The sounds from dogs and men meld into one, roaring behind her, gaining on her. Her once pretty feet are torn by nettles and stones; her chest alive with searing pain, blood thundering in her ears. Even the throbbing of the seeping wounds on her slight body is as nothing, for in her desperation to live she feels only the mix of terror and determination that drives her on. Capture will lead to unspeakable horrors. She must get to the trees for there she will be saved. She believes this to be true; she hopes this with all of her tarnished soul.
Overhead the glowering rain clouds part and a shaft of light stretches out from the heavens to illuminate the three golden-leafed beech trees straddling the hillside in the near distance,
A sign, it’s a sign.
And, heartened by her faith, from some deep reserve within her she finds the strength to continue, spurring herself on harder as her pursuers bellow threats behind her. The side of the hill is cripplingly steep, and the pack is closing fast. Her wounded thighs scream their exhaustion as she claws and clutches at tufts of grass to heave herself onward, upward. Hauling her dissipated body to the brow of the hill, she throws herself at the middle tree and clings to its protective bulk, shuddering panic finally reaching her knees and dragging her helplessly to the ground.
‘Save me!’
The magpie perched on a branch of the third beech tree flicks a wary eye at her as she lays — a bloodied creature in tattered clothing — at the base of the tree, sobbing, waiting for release from her torment.
She looks up at the bird, this sacred creature, mysterious and sly and it appears to be contemplating her predicament, staring back at her.

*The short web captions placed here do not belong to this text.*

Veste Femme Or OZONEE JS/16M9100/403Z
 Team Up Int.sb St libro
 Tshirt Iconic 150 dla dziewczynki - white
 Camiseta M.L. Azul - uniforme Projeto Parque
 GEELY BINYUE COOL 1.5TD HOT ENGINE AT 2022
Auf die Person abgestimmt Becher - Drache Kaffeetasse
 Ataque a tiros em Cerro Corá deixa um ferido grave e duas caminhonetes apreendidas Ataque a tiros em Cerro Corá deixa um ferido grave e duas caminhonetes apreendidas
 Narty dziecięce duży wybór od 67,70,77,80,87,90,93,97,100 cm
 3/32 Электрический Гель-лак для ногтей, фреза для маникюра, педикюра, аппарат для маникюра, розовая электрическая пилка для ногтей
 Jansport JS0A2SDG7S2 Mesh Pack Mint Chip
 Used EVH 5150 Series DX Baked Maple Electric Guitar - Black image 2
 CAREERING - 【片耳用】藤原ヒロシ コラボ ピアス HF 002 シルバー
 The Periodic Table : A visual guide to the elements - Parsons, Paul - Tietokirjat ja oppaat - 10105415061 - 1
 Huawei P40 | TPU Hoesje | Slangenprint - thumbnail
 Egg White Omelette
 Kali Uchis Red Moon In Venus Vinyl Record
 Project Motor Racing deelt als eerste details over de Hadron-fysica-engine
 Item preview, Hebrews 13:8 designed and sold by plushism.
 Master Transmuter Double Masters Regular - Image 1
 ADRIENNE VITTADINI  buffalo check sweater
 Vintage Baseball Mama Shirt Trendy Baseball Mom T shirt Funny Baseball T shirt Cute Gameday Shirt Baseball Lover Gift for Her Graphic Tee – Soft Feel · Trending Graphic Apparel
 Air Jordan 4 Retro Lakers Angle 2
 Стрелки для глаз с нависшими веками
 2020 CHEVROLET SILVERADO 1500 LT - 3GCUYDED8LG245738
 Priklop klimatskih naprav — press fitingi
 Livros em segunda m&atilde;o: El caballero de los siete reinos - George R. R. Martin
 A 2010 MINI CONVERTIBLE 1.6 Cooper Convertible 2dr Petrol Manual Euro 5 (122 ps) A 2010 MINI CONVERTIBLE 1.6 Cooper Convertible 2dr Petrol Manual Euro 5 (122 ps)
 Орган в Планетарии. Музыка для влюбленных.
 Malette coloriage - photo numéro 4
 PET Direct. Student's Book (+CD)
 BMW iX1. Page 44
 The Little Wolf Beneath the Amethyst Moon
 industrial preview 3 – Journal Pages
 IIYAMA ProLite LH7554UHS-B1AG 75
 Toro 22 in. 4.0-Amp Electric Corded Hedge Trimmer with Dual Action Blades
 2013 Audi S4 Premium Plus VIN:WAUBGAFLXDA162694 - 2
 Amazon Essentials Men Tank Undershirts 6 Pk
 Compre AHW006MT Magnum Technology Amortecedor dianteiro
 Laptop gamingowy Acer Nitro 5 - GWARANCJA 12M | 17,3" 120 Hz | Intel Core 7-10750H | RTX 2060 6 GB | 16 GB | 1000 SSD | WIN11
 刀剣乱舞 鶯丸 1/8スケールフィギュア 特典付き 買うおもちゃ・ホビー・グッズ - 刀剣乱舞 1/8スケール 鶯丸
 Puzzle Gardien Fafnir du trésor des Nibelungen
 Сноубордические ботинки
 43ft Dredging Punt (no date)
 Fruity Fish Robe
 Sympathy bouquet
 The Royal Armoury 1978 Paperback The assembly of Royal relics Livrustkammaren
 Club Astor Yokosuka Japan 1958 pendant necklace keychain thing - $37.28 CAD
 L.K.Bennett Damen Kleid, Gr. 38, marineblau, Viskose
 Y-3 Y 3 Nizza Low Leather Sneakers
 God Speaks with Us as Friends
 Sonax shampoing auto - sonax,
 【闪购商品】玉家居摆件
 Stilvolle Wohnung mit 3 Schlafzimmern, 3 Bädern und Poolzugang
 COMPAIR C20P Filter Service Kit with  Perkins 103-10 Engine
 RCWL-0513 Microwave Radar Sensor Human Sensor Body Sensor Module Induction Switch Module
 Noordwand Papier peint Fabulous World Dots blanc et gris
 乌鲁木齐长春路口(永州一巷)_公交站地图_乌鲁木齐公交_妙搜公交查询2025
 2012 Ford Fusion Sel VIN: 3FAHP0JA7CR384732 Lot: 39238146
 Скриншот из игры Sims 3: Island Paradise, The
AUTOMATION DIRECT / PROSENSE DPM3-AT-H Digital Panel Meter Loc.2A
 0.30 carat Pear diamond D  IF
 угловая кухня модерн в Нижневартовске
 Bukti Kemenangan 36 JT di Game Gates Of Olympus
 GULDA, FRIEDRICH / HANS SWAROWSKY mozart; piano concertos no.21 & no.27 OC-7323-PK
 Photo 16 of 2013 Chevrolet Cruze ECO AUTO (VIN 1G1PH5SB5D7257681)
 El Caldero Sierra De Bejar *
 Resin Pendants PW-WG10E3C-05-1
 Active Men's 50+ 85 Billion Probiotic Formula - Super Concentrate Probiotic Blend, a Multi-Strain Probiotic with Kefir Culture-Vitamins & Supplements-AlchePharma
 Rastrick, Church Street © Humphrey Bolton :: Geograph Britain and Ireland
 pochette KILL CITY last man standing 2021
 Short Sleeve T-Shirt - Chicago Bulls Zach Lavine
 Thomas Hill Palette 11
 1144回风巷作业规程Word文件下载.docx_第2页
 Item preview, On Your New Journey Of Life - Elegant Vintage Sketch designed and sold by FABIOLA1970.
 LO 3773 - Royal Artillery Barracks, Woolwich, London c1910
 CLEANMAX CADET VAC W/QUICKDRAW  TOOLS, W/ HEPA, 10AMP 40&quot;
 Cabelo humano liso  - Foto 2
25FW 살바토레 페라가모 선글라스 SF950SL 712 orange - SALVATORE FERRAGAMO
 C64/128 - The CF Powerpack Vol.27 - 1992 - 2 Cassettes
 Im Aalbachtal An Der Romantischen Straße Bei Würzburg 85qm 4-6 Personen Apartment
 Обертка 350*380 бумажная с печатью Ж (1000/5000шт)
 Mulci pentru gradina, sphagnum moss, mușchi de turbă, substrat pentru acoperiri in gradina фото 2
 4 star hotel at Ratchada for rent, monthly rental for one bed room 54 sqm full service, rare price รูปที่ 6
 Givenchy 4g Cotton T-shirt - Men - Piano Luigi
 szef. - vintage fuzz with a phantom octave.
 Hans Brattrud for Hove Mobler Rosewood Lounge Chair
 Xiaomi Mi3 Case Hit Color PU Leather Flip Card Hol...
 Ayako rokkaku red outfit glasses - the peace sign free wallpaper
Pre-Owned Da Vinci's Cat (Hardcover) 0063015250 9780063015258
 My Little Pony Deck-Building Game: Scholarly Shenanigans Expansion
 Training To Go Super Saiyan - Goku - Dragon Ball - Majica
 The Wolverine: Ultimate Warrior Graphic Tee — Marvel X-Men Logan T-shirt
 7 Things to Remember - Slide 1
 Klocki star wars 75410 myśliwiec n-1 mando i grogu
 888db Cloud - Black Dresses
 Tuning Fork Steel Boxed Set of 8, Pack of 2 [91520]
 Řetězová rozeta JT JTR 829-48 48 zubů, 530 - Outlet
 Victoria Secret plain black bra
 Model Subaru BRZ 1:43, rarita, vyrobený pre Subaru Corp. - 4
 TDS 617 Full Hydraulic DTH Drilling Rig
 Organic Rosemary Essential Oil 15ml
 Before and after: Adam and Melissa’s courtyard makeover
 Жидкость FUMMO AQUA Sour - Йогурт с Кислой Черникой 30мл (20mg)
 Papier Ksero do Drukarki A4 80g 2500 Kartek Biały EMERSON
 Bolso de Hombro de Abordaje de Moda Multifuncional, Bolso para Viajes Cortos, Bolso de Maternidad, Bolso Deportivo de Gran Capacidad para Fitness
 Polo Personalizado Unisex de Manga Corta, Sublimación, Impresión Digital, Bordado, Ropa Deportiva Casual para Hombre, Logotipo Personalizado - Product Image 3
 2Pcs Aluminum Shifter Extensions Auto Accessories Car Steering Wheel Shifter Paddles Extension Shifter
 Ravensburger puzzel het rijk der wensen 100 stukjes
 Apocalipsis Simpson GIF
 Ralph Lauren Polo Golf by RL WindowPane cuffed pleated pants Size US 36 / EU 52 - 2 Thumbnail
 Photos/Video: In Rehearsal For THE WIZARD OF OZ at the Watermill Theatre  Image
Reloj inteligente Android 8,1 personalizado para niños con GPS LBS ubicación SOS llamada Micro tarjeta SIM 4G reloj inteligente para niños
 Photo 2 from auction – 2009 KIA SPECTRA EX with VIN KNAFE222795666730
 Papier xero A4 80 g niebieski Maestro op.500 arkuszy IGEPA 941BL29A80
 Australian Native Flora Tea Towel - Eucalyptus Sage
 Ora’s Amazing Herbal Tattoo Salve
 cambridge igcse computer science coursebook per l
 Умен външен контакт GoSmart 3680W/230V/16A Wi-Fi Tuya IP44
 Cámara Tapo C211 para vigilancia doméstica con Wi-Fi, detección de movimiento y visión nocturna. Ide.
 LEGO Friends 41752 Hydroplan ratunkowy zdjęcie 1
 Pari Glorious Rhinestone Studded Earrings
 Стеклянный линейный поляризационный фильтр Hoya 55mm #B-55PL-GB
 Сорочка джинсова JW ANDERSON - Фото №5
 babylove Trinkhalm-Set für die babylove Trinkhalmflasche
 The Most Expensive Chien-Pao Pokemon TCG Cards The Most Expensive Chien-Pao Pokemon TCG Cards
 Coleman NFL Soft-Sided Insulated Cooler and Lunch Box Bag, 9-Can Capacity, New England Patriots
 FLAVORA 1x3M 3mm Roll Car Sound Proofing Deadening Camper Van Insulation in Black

‘Help me,’ she pleads. ‘Take me now. Don’t let them have me.’
Peace.
She feels the gentle hands of the First Mother upon her and is soothed. A sweet murmuring lullaby, sung in that barely remembered language comes to her from a vanished past and calms her frantic heart. Lost in her reverie, unaware that her downfall is at hand, she waits in silence. She is oblivious to the fact that her pursuers have reached the bottom of the hill and that one man, breathing hard but grinning triumphantly, is unleashing his dog. The beast, sensing its prey, charges up the steep slope, mouth foaming, eyes wild from the excitement of the chase. But as soon as it reaches the summit of the hill, some unseen force stops it from racing forward and it halts just a few feet short of the tree beneath which Mair sits. High in the beech tree the magpie sways on its branch, fixing the confused animal with its hypnotic stare. The dog is suddenly transfixed, unsure and so stands motionless, its body quivering, waiting for its master’s command. Mair’s pursuers, her former torturers, mount the brow of the tor and the dog’s owner angrily slaps it hard across the rump. Startled, the creature lurches forward, only to be grabbed by the neck by its master who delivers a vicious kick in the dog’s ribs that leaves it whimpering.
Moments later, blows rain down on Mair, feet kick and loud foul-breathed voices scream vile words, but she can no longer hear them. An ugly slavering black dog attempts to sink its teeth into her calf muscle, but merely draws blood and is dragged off by the cursing handler.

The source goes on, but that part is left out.